Menstruatiearmoede betekent onvoldoende middelen hebben om hygiëneproducten te kopen, zoals tampons, maandverband, inlegkruisjes of menstruatiecups. Ook wanneer iemand geen of onvoldoende toegang tot veilige of hygiënische voorzieningen heeft of wanneer de nodige kennis omtrent menstruatie ontbreekt, spreken we van menstruatiearmoede. Niet alleen moet je dan financiële keuzes maken, maar kan je ook sociaal geïsoleerd raken.
Vincent Declercq
Ingeborg De Ridder is moeder van twee opgroeiende dochters, leerkracht wiskunde en filosofie in het secundair onderwijs, en werkstudent master Moraalwetenschappen en Humanistiek aan de Vrije Universiteit Brussel. Tijdens het academiejaar 2022-2023 werkte ze het schakelprogramma Wijsbegeerte en Moraalwetenschappen af en volgde ze ook het interdisciplinaire keuzevak Redelijk Eigenzinnig rond het jaarthema ‘de vraag naar waarheid’. Een onderdeel van dat vak is het uitwerken van een project in samenwerking met een Brusselse organisatie – in dit geval een project rond menstruatiearmoede samen met deMens.nu en huisvandeMens Brussel.

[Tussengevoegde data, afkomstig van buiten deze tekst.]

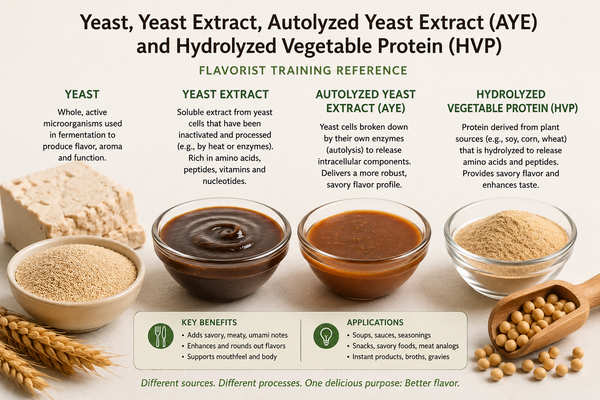 Yeast, Yeast Extract, Autolyzed Yeast Extract (AYE), and Hydrolyzed Vegetable Protein (HVP) - Flavorist Training Reference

Ingeborg, je hebt samen met de studenten van je werkgroep een project rond menstruatiearmoede uitgewerkt. Waarom hebben jullie dat thema gekozen en hoe zijn jullie te werk gegaan?
Ingeborg De Ridder: Ik denk dat ik daar een zekere invloed op de groep heb gehad. In mijn lessen filosofie in het secundair behandelen we thema’s als schaamte en taboe, en zo kwam menstruatiearmoede ter sprake. Mijn leerlingen wilden actief rond dat thema werken. Na een bezoek van en toelichting door de betrokken vzw BruZelle ging mijn klas aan de slag en ijverde ze onder meer voor gratis maandverband op school.

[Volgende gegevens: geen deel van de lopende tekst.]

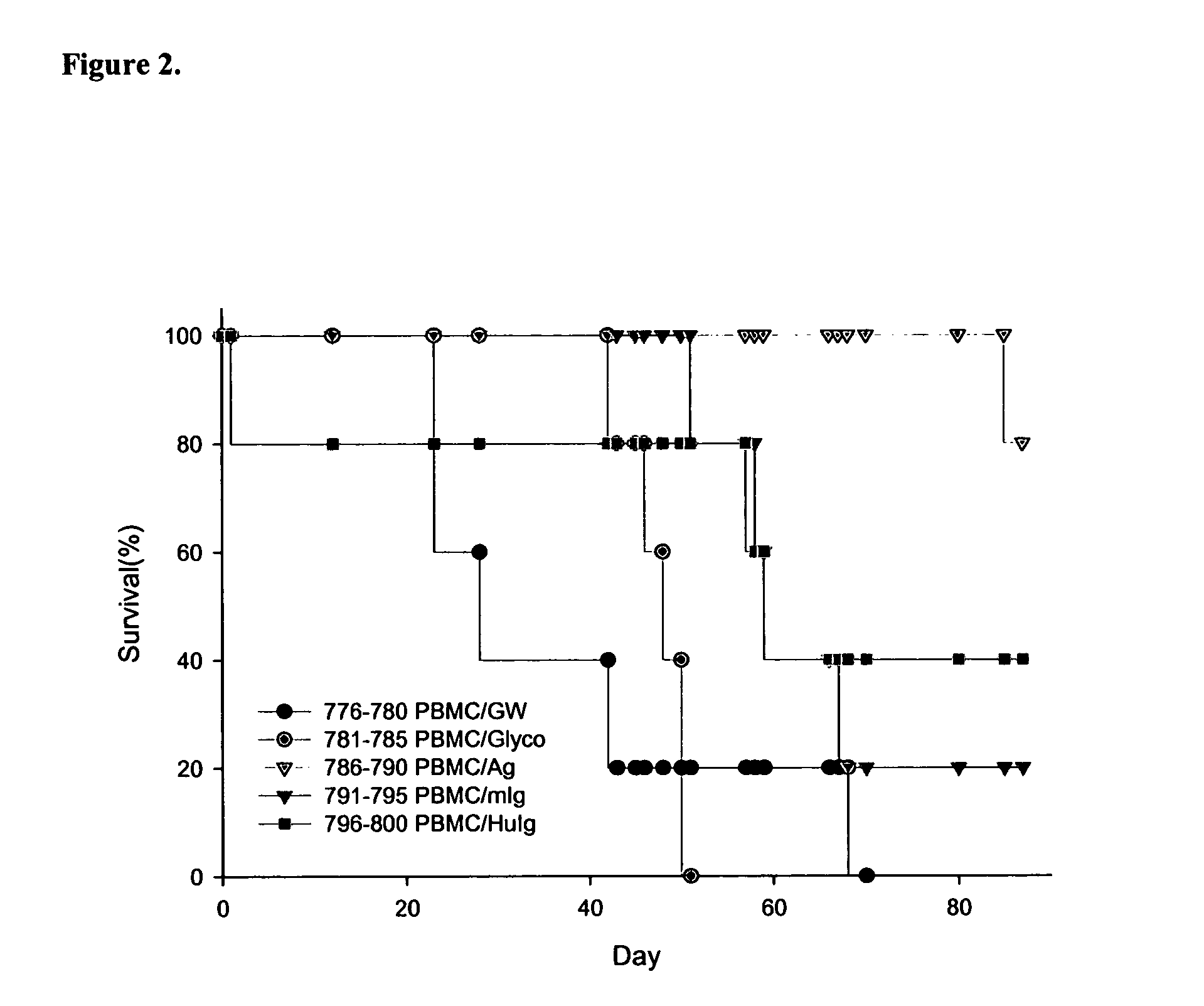 Anti-CD137 antibody as an agent in the treatment of cancer and glycosylation variants thereof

Toen deMens.nu voor het project aan de VUB uit de bus kwam, zagen we dat een van de topics menstruatiearmoede was. Onze werkgroep wilde een originele insteek. Zo kwamen we tot het interviewen van zowel jongeren als ouderen, het maken van podcasts en het idee van de ‘Velvet Red Chair’, een luisterinstallatie met getuigenissen over menstruatie. We focusten ons op de impact van het taboe, op de manier waarop we met menstruatie omgaan. Daartoe bevroegen we jongvolwassenen en 65-plussers uit de Brusselse regio over hun ervaringen en meningen over menstruatie.
Tot welke bevindingen is jullie werkgroep gekomen? Zaten daar verrassingen bij?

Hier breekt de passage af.